Sunday 4 March 2012

Elderly Abuse, Features and Treatment

Elderly Abuse

Elder abuse affects 3% of the US elderly population. It continues to be under recognized and under reported.



Clinical Features

Elderly victims frequently live with their abuser who may be dependent on them financially, socially, or emotionally. They are often isolated from other family and friends. Abuse is strongly associated with personality problems of the caregiver who may have a history of mental illness, substance abuse, or personality disorder. Abused patients often have poor personal hygiene, inappropriate or soiled clothing, malnutrition, and worsening decubiti. They may abuse alcohol or drugs. Specific injuries suggestive of abuse include unexplained fractures or dislocations; unexplained lacerations, abrasions, and bruises; burns in unusual locations; and unexplained injuries to the head or face. Abused patients have been found to have significantly greater cognitive impairment than nonabused elderly patients. They often have a history of problematic behavior such as nocturnal shouting, incontinence, wandering, or paranoia.
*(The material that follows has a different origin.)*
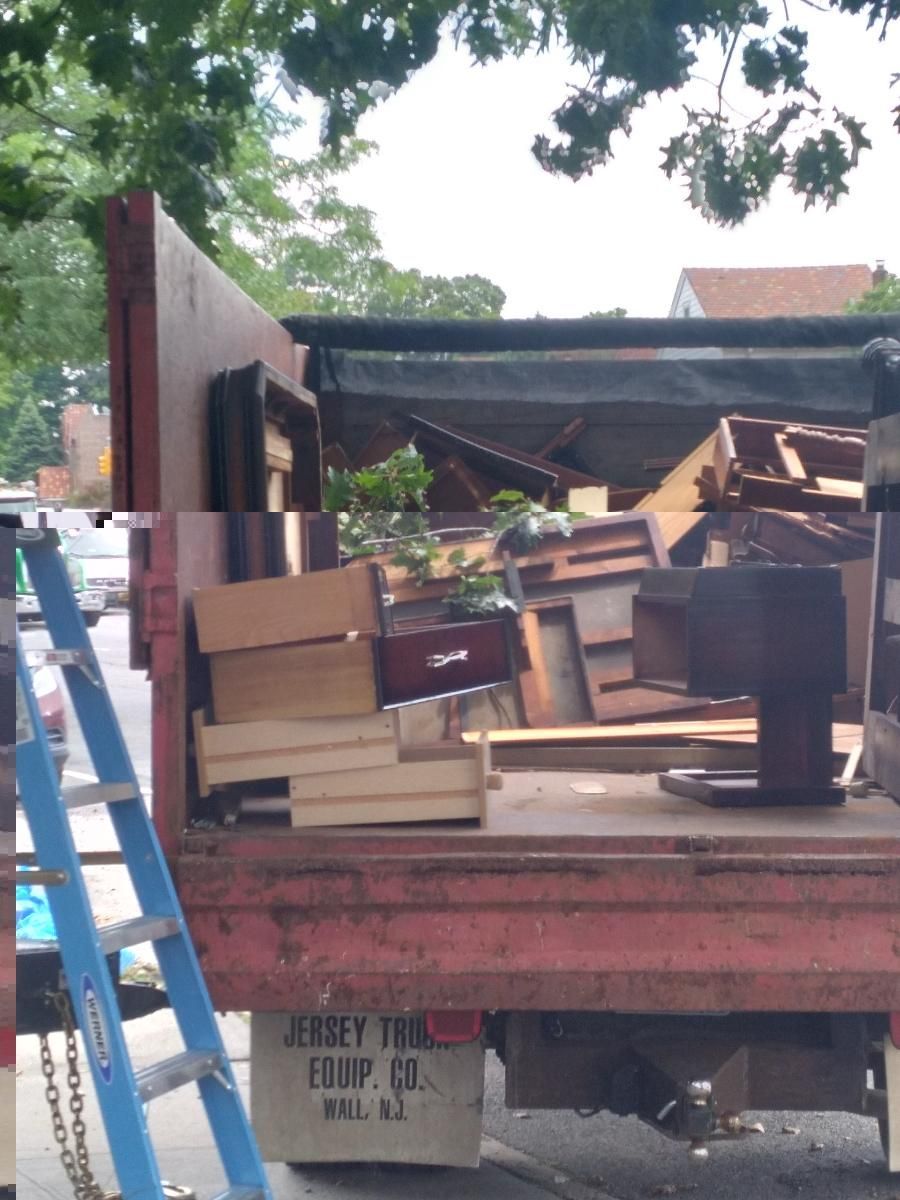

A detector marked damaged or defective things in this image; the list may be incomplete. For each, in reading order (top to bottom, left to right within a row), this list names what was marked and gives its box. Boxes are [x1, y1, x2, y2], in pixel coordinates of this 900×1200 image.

broken furniture [190, 564, 510, 824]
broken furniture [628, 568, 848, 812]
Diagnosis and Differential

Most mistreatment of elderly patients occurs in residential settings and can be difficult to recognize. This difficulty is confounded by the fact that patients are often reluctant to disclose their abuse due to embarrassment or fear of abandonment, retaliation, or nursing home placement. The diagnosis should be considered in elderly patients with dementia, frequent falls, and dehydration or malnutrition. 

The following findings are suggestive of an abusive relationship between the patient and the caretaker: 
  • (a) the patient appears fearful of his or her companion,
  • (b) there are conflicting accounts of the injury of illness between the patient and the caretaker, 
  • (c) there is an absence of assistance toward the patient from the caretaker, 
  • (d) the caretaker displays an attitude of anger or indifference toward the patient, 
  • (e) the caretaker is overly concerned with the cost of treatment, and 
  • (f) the caretaker denies the physician private interaction with the patient. Whenever suspected, the patient should be questioned directly about abuse.



Emergency Department Care and Disposition

  • Management of elder abuse involves treatment of medical conditions and immediate intervention.

  • Admission is indicated when medically necessary or when the patient cannot be safely discharged back to the current living situation.

  • A social services consultation should be obtained, and adult protective services should be notified.

  • Forty-four states have mandatory reporting laws directed toward health care and social service workers, which require reporting of abuse despite the victim's wishes.

  • When appropriate, caretakers should be provided with supportive services such as home health services, Meals on Wheels, transportation, and mental health services.